Question: Show that the derivative of f(x) = (x-a)m (x-b)n vanishes at some point between a and b if m and n are positive integers.
My attempt:
f(x) = (x-a)^m (x-b)ⁿ
f '(x) = m(x-a)^m-1 (x-b)ⁿ + n(x-a)^m (x-b)^n-1
f '(x) = [(x-a)^n-1 (x-b)^n-1 ] [(m)(x-b) +(n)(x-a)]
And this is as far as I got.

 

[anubhab92]

easily can be shown by rolle's theorem

 

[tachyon_man]

We can't use that yet :(

 

[alan2]

You have the expression for the derivative. Set it equal to zero and you will find one value of x for which the derivative is always zero, namely x=(mb+na)/(m+n). You then have to show that it is always between a and b if m and n are positive integers. Actually, m and n can be any reals greater than or equal to 1.
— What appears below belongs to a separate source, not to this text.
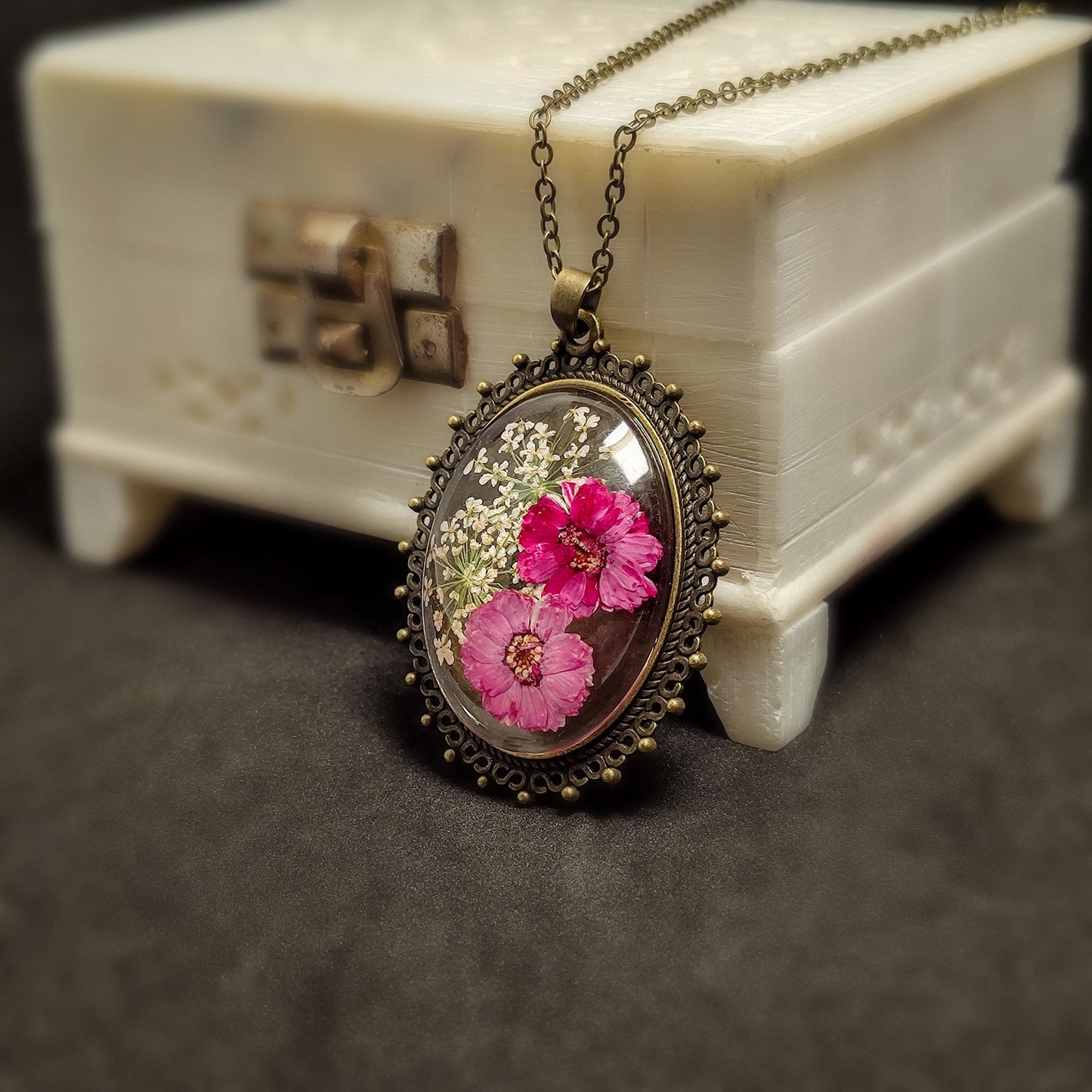 Old-World Lavender Daisy Pendant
Why can't you use Rolle's theorem if you understand it?

 

[HallsofIvy]

Since this question has nothing to do with "Differential Equations", I am moving it to Calculus and Beyond Homework.

 

[HallsofIvy]

Question: Show that the derivative of f(x) = (x-a)m (x-b)n vanishes at some point between a and b if m and n are positive integers.
My attempt:
f(x) = (x-a)^m (x-b)ⁿ
f '(x) = m(x-a)^m-1 (x-b)ⁿ + n(x-a)^m (x-b)^n-1
f '(x) = [(x-a)^n-1 (x-b)^n-1 ] [(m)(x-b) +(n)(x-a)]
And this is as far as I got.

Set that equal to 0 and solve for x:
[(x-a)^n-1 (x-b)^n-1 ] [(m)(x-b) +(n)(x-a)]= 0
Since we are looking at x between a and b, x- a and x- b are not 0 so we can divide by them. That leaves m(x- b)+ n(x- a)= mx- mb+ nx- na= (m-n)x- mb-na= 0. Solve that for x and show that it lies between a and b.

 

[tachyon_man]

Thanks guys! I ended up using Rolles theorem. I'm still waiting to see if he accepts it as a valid approach.